JSON extractor not working

Hello Everyone

I have spent hours and hours reading every forum post and search article possible

What I am trying to do is run a json extractor on a message field

Regardless of what I do i keep getting “nothing will be extracted” despite having valid data

We are looking at rolling out graylog enterprise license for many customers and really need to get this json extractor working in order to do so

here is the data ( i changed some of it for privacy)

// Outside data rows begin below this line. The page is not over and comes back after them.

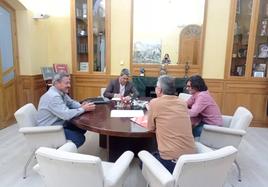 Francisco Jiménez Araya y Joaquín Rodríguez Soler junto a José Aurelio González Peinado y Juan José Borrego Lobato.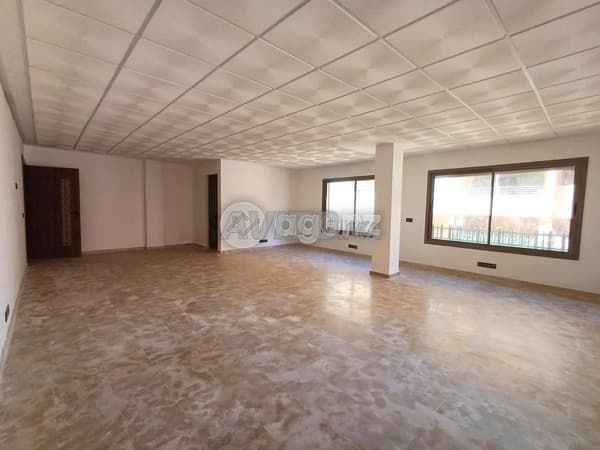 RAK-GU-1136 - Office for rent in Ouasis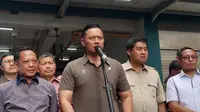 Menteri Koordinator Bidang Infrastruktur dan Pembangunan Kewilayahan Agus Harimurti Yudhoyono (AHY) di Rusun Rawa Buaya, Jakarta Barat, Sabtu (30/11/2024).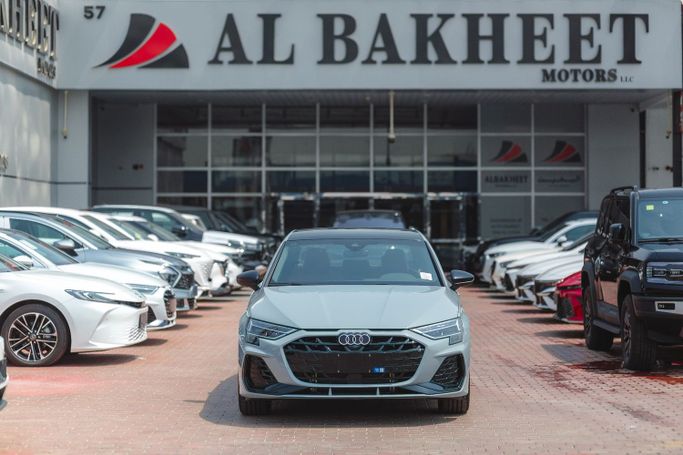 جديدة Audi A3 35 TFSI عملية شد الوجه IV (8 سنوات), 1.5 l, 2025 في في دبي من Albakheet Motors، اللون فضي. المواصفات الصينية | AUTO.AE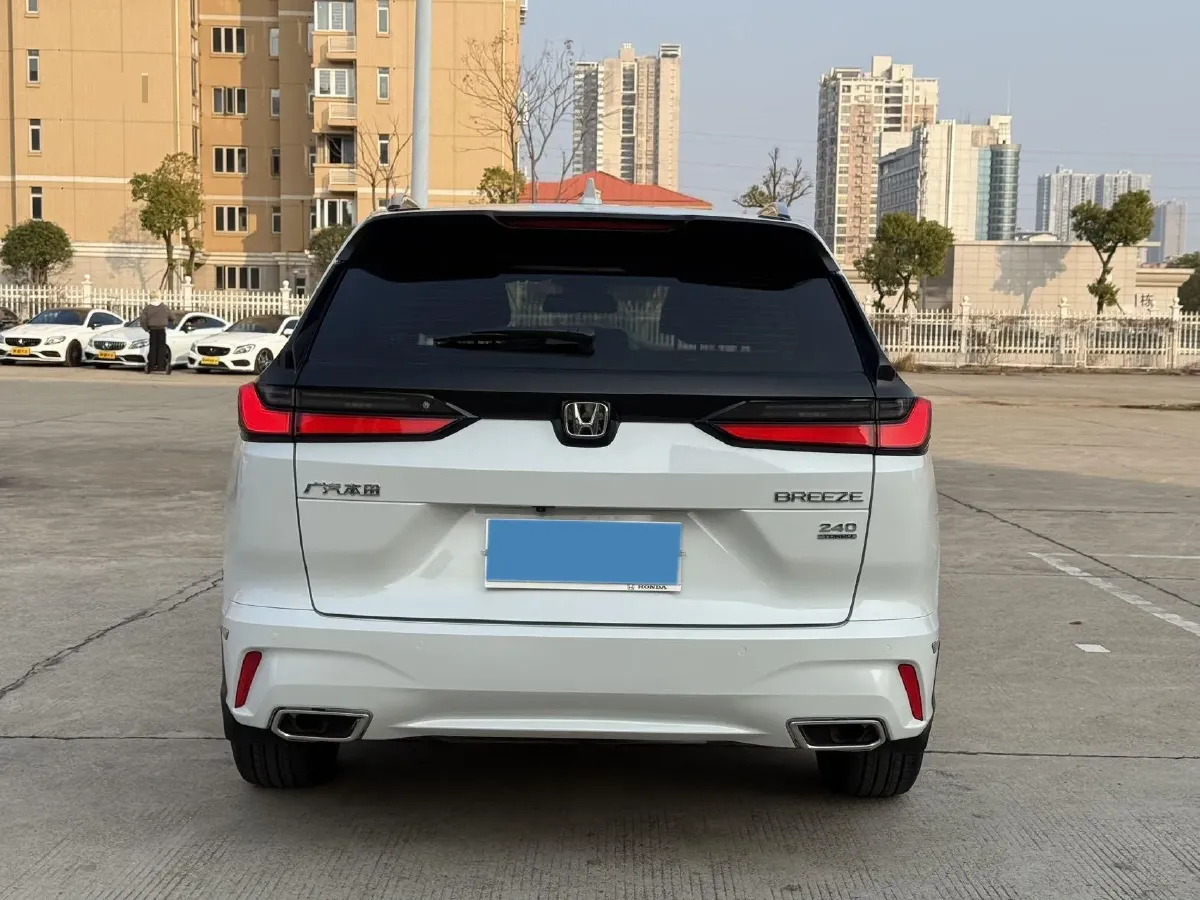 2023 Honda Breeze 1.5T 193HP L4 CVT,autocango,china used car exporter,china ev exporter,chinese used car exporter,chinese used ev exporter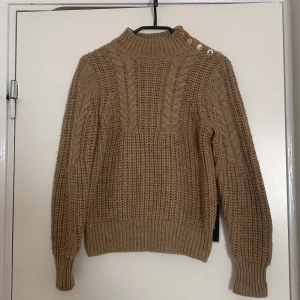 Väldigt fin Holly & White stickad tröja - Väldigt fin HOLLY & WHITE stickad tröja köpt för 600kr. Knappt använd.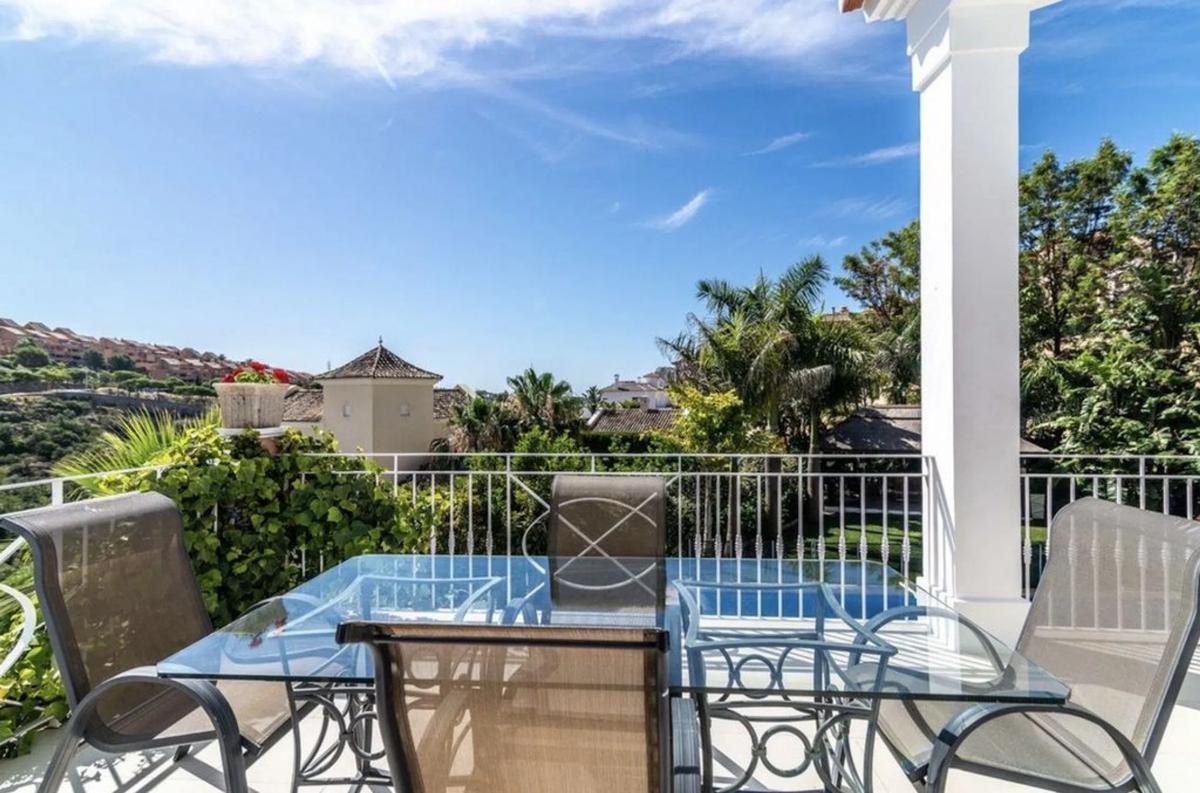 Sprzedaż niezależnego domku jednorodzinnego w Calle Trebol, Marbella photo 4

{“event_type”:“FirewallAggregated_Event”,“ipv4”:“192.168.0.13”,“hostname”:“server”,“source_uuid”:“6bad89ef-0a8f-4d13-9df8-d4b7d84b7dba”,“occured”:“05-Aug-2020 02:27:59”,“severity”:“Warning”,“event”:“Security vulnerability exploitation”,“source_address”:“1.2.2.1”,“source_address_type”:“IPv4”,“source_port”:34927,“target_address”:“192.168.0.13”,“target_address_type”:“IPv4”,“target_port”:7071,“protocol”:“TCP”,“account”:“NT AUTHORITY\NETWORK SERVICE”,“process_name”:“C:\Windows\System32\svchost.exe”,“inbound”:true,“threat_name”:“Incoming.Attack.Generic”,“aggregate_count”:1}

otherwise if it can be done with grok or regex any guidance on this would be great

Im trying to get this last bit working in order to get my boss to approve the license for several customer sites

I just need to pull out a few of the fields such as:

IPv4
hostname
account

I have tried doing this on my own but no matter what i read and even using grok pattern generators i cant get this to work.

How do you ingest messages? What type of input do you use? GELF, Syslog,Beat?
Please paste your message in ```message``` to see raw data.

Thank you for the reply
Messages are coming from syslog

Here is the raw data

{“event_type”:“FirewallAggregated_Event”,“ipv4”:“192.168.0.13”,“hostname”:“server”,“source_uuid”:“6bad89ef-0a8f-4d13-9df8-d4b7d84b7dba”,“occured”:“05-Aug-2020 02:27:59”,“severity”:“Warning”,“event”:“Security vulnerability exploitation”,“source_address”:“1.2.2.1”,“source_address_type”:“IPv4”,“source_port”:34927,“target_address”:“192.168.0.13”,“target_address_type”:“IPv4”,“target_port”:7071,“protocol”:“TCP”,“account”:“NT AUTHORITY\NETWORK SERVICE”,“process_name”:“C:\Windows\System32\svchost.exe”,“inbound”:true,“threat_name”:“Incoming.Attack.Generic”,“aggregate_count”:1}

Hi, your problem is with \ in fields account and process_name. It’s not valid json without escape backslash \\ in your message. Every backslash should be escaped 2 times to work in graylog, so json extractor can extract it.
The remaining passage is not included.